_Task goal_
Copy every line of the records below that holds the word "Leaves".

(Data extracted from a collection)
______
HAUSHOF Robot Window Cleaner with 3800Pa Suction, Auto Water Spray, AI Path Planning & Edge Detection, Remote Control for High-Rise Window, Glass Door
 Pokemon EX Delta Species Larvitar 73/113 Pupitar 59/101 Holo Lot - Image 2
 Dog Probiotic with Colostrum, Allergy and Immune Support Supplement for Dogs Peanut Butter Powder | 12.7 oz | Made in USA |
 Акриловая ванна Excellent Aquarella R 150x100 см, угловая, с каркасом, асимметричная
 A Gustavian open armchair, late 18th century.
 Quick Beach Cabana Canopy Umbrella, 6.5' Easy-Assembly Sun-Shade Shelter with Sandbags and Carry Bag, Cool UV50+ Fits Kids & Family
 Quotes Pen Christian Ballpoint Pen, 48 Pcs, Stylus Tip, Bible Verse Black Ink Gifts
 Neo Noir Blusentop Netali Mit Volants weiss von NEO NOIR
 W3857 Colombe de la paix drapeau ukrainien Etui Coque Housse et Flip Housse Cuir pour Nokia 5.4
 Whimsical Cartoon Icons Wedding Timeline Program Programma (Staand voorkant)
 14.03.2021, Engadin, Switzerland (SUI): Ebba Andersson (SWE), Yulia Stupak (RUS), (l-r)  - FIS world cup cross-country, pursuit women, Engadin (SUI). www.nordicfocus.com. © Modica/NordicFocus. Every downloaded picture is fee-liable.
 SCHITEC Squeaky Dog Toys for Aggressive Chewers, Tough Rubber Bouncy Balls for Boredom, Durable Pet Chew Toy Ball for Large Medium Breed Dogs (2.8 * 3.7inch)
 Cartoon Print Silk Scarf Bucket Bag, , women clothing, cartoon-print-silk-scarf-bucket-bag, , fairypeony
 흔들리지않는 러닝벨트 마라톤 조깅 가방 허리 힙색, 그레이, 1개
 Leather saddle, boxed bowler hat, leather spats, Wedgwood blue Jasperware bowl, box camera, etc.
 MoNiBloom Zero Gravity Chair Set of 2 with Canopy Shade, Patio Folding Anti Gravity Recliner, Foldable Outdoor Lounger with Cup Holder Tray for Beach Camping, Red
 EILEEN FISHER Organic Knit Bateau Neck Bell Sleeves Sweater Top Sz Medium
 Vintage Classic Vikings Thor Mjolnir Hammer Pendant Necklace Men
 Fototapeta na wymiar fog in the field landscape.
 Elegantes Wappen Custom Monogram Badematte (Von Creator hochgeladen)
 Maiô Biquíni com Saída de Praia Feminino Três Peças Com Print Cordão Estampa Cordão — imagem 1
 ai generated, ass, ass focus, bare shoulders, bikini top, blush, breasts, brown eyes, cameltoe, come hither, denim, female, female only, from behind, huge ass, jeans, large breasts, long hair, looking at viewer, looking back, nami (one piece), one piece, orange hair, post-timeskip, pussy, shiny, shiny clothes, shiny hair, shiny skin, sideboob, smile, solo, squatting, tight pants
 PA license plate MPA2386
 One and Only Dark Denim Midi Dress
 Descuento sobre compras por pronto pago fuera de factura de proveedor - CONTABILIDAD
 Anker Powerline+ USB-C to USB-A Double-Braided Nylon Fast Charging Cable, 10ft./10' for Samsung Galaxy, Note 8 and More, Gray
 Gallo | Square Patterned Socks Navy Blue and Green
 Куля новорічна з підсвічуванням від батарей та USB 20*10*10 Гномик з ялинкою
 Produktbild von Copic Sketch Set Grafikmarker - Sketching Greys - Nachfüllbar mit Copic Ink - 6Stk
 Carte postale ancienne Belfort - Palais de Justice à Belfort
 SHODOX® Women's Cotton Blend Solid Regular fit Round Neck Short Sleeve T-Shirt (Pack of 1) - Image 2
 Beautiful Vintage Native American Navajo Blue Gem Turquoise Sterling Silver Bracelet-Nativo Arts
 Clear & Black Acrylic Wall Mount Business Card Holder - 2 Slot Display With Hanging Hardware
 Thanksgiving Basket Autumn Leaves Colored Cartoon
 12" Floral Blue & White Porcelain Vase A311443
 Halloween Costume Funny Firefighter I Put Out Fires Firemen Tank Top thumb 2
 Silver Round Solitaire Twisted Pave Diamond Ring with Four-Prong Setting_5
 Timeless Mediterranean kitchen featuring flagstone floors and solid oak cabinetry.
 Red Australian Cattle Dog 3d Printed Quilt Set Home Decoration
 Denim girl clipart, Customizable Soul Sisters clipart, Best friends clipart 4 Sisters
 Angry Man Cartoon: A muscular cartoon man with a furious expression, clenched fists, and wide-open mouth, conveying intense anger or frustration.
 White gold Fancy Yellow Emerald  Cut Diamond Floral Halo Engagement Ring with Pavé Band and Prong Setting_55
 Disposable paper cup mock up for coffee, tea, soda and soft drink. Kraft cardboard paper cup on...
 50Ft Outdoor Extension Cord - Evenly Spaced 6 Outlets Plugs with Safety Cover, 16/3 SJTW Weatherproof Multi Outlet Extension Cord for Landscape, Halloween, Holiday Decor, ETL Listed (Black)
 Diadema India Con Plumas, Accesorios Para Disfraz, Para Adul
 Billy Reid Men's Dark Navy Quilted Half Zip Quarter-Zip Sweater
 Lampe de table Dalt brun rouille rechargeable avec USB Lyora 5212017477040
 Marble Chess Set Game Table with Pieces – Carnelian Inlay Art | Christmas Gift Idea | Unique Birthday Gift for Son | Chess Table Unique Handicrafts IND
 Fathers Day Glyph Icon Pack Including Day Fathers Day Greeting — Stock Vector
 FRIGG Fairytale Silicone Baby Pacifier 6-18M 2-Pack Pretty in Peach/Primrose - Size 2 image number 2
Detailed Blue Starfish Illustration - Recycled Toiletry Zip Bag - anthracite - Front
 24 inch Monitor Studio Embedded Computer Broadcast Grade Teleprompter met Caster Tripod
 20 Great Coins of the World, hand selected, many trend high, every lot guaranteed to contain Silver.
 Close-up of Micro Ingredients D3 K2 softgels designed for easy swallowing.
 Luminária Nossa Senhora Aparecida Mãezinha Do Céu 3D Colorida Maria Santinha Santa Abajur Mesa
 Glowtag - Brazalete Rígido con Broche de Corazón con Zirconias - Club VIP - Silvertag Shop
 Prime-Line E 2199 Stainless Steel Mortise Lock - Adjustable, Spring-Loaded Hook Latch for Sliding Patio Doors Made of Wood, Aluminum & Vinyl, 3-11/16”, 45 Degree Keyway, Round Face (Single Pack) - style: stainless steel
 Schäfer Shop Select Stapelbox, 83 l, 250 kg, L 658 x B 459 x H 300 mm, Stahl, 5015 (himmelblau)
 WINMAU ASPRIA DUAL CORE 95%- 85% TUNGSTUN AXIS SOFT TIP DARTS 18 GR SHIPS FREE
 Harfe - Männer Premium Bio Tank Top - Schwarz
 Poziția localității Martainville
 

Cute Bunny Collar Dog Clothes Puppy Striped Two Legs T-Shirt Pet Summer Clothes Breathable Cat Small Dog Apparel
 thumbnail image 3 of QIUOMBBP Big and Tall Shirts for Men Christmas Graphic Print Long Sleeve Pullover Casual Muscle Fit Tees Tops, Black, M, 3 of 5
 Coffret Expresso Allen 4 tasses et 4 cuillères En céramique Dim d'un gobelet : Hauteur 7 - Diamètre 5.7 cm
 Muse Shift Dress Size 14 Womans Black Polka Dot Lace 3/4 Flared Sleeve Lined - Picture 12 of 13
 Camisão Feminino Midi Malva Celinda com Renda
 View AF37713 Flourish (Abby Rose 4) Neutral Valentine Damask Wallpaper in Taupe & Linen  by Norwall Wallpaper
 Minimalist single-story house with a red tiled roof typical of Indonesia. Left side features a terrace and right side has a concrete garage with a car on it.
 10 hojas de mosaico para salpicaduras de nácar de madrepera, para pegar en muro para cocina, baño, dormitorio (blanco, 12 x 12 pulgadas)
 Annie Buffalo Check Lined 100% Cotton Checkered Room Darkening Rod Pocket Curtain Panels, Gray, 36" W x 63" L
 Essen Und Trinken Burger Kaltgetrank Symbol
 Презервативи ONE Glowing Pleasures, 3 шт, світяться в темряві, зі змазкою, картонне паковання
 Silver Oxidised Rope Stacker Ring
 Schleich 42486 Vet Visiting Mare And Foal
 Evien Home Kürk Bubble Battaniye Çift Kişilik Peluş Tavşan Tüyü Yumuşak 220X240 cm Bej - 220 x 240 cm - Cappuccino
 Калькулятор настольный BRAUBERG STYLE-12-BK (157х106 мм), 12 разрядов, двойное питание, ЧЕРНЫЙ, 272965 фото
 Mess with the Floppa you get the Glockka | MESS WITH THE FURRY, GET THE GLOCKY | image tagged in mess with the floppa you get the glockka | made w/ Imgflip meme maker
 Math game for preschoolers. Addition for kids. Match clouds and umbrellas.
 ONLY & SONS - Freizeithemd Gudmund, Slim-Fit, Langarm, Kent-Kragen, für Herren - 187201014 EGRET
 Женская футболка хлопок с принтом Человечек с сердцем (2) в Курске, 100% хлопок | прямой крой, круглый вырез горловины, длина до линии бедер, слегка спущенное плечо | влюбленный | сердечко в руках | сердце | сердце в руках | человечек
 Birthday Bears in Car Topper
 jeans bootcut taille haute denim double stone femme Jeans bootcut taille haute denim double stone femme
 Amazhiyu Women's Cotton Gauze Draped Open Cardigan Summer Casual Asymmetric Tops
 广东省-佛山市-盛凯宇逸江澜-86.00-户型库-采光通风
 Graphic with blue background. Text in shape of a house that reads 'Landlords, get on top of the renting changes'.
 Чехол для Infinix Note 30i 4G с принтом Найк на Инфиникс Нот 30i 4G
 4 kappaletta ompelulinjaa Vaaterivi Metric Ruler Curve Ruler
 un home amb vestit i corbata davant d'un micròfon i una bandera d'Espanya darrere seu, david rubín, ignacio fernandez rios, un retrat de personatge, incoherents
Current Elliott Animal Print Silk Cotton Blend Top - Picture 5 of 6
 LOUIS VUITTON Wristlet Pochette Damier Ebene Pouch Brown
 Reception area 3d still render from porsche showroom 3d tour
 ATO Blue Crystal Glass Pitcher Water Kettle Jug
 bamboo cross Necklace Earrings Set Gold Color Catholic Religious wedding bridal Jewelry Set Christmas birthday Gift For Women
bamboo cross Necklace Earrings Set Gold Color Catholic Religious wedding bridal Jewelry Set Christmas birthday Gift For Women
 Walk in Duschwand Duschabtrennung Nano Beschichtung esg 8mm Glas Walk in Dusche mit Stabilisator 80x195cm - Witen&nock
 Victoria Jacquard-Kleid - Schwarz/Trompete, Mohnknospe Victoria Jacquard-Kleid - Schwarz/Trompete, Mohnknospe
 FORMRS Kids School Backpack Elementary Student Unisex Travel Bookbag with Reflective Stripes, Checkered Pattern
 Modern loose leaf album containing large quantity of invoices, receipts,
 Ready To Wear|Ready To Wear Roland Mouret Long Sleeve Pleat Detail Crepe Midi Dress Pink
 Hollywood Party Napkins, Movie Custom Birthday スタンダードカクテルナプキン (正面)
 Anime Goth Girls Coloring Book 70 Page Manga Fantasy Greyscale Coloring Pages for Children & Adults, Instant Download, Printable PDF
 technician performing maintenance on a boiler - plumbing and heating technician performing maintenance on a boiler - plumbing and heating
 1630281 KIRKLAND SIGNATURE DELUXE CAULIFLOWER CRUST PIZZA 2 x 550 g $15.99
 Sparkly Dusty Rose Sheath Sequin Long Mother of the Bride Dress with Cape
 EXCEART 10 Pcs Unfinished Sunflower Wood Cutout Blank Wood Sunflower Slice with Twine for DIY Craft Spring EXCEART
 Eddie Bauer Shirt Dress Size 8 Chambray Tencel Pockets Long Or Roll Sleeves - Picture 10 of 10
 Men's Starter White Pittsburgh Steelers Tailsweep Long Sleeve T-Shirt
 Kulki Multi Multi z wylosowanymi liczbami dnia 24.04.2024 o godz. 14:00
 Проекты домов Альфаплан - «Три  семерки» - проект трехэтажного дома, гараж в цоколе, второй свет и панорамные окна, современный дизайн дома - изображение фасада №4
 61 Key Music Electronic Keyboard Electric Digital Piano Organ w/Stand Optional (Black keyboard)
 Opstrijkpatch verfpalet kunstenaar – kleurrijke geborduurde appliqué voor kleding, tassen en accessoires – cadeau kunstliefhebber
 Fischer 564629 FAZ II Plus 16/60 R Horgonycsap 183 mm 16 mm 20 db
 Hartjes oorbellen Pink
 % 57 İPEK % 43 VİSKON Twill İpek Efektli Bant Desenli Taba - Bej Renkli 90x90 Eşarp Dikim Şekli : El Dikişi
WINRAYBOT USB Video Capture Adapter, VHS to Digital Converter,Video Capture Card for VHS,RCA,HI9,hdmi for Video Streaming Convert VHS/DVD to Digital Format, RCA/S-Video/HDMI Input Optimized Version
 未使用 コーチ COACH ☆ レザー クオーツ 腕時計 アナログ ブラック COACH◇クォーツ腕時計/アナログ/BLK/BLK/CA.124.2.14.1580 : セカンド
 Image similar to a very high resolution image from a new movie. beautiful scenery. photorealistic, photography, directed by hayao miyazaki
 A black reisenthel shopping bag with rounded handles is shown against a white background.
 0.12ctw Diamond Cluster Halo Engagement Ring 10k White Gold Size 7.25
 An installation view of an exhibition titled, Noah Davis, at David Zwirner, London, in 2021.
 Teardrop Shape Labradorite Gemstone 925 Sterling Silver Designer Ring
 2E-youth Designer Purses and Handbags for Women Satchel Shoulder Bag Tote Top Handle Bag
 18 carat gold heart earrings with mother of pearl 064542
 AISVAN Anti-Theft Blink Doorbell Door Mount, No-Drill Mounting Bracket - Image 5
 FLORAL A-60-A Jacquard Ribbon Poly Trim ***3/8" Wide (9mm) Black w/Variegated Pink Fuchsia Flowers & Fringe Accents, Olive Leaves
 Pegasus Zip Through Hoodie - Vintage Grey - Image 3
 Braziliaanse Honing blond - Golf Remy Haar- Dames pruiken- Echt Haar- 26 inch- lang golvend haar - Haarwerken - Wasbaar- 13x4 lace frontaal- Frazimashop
______
_Your response_
 Thanksgiving Basket Autumn Leaves Colored Cartoon
 FLORAL A-60-A Jacquard Ribbon Poly Trim ***3/8" Wide (9mm) Black w/Variegated Pink Fuchsia Flowers & Fringe Accents, Olive Leaves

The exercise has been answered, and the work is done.